Scraped caption text data
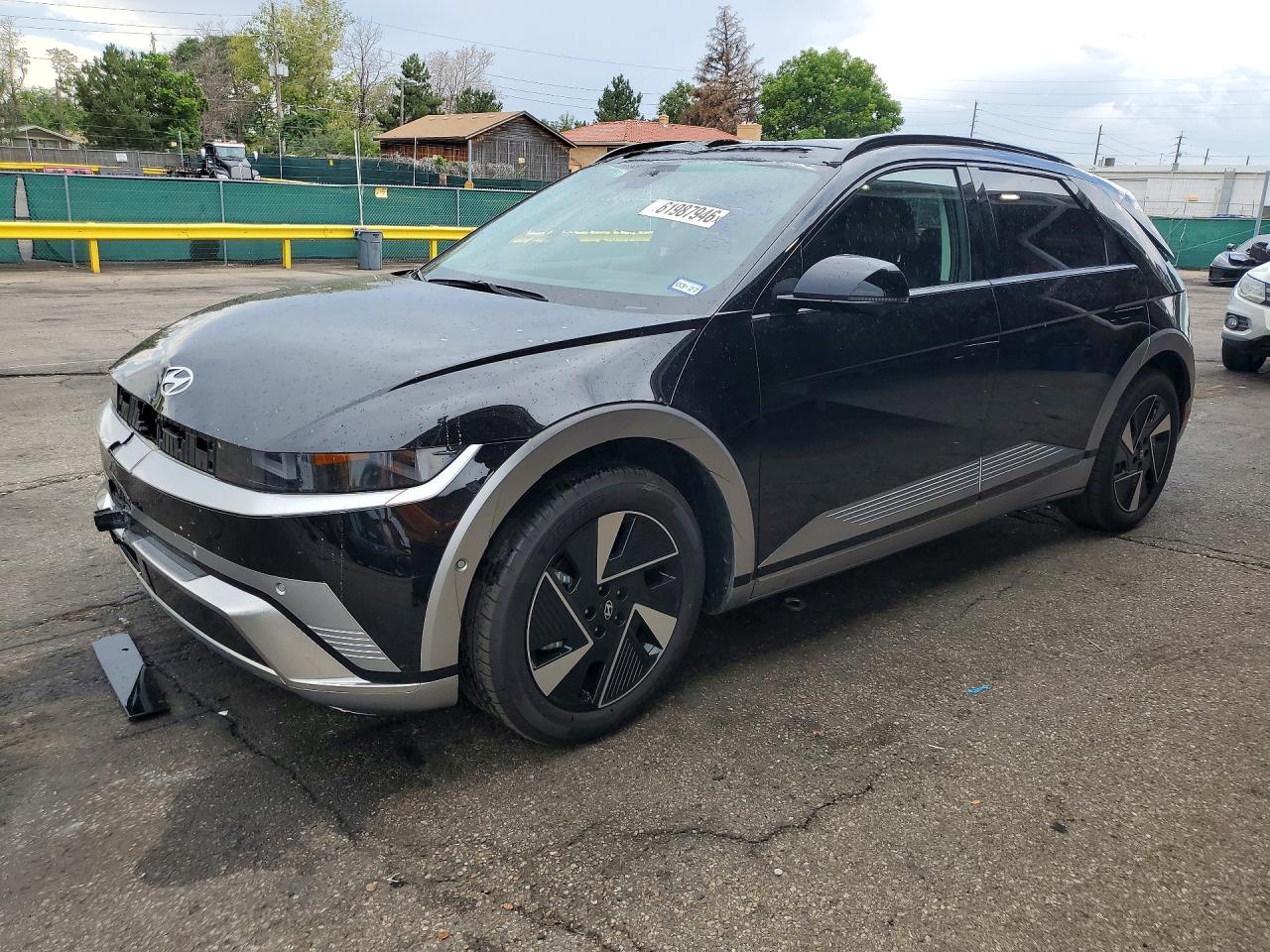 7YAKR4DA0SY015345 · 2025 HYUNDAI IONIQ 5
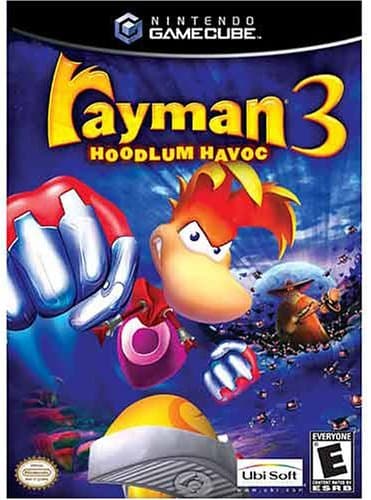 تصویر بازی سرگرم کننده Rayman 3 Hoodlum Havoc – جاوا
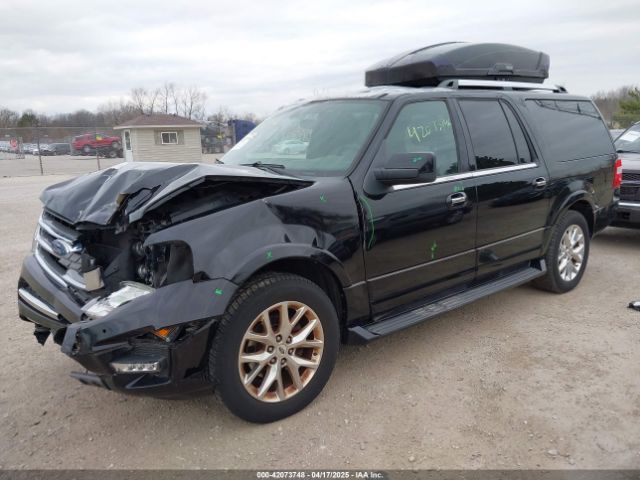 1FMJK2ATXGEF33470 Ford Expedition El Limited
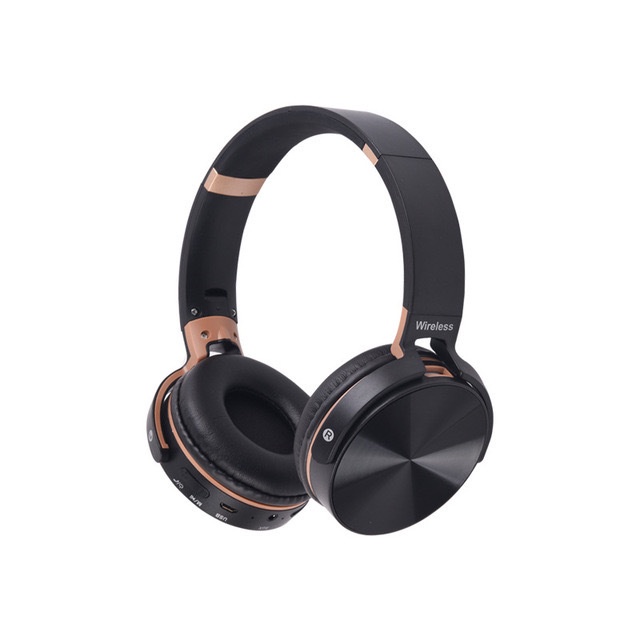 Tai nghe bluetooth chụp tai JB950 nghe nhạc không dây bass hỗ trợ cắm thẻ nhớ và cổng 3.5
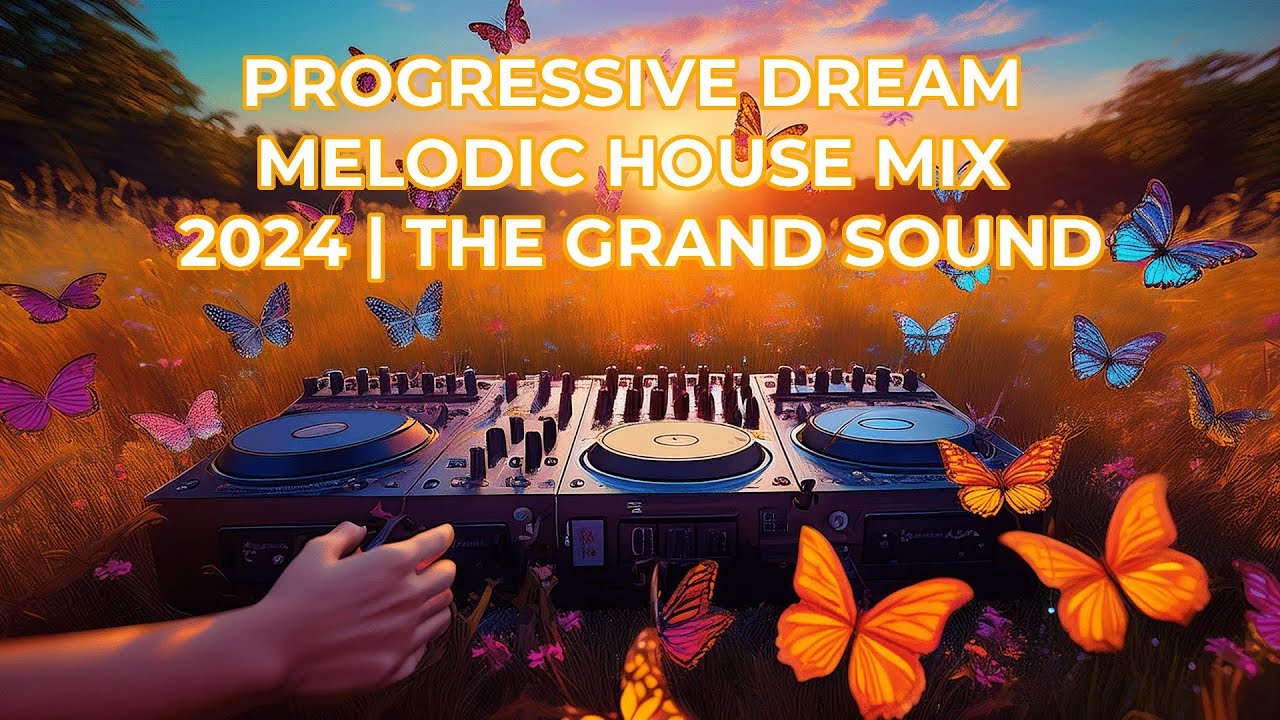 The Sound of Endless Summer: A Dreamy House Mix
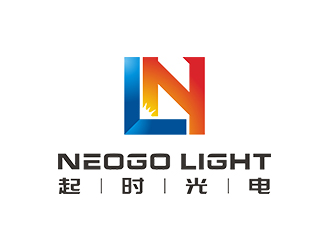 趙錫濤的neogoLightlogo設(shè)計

* Exercise objective
Could you retype every line above exactly as it appears, skipping the pictures?

* Solved problem
 7YAKR4DA0SY015345 · 2025 HYUNDAI IONIQ 5
 تصویر بازی سرگرم کننده Rayman 3 Hoodlum Havoc – جاوا
 1FMJK2ATXGEF33470 Ford Expedition El Limited
 Tai nghe bluetooth chụp tai JB950 nghe nhạc không dây bass hỗ trợ cắm thẻ nhớ và cổng 3.5
 The Sound of Endless Summer: A Dreamy House Mix
 趙錫濤的neogoLightlogo設(shè)計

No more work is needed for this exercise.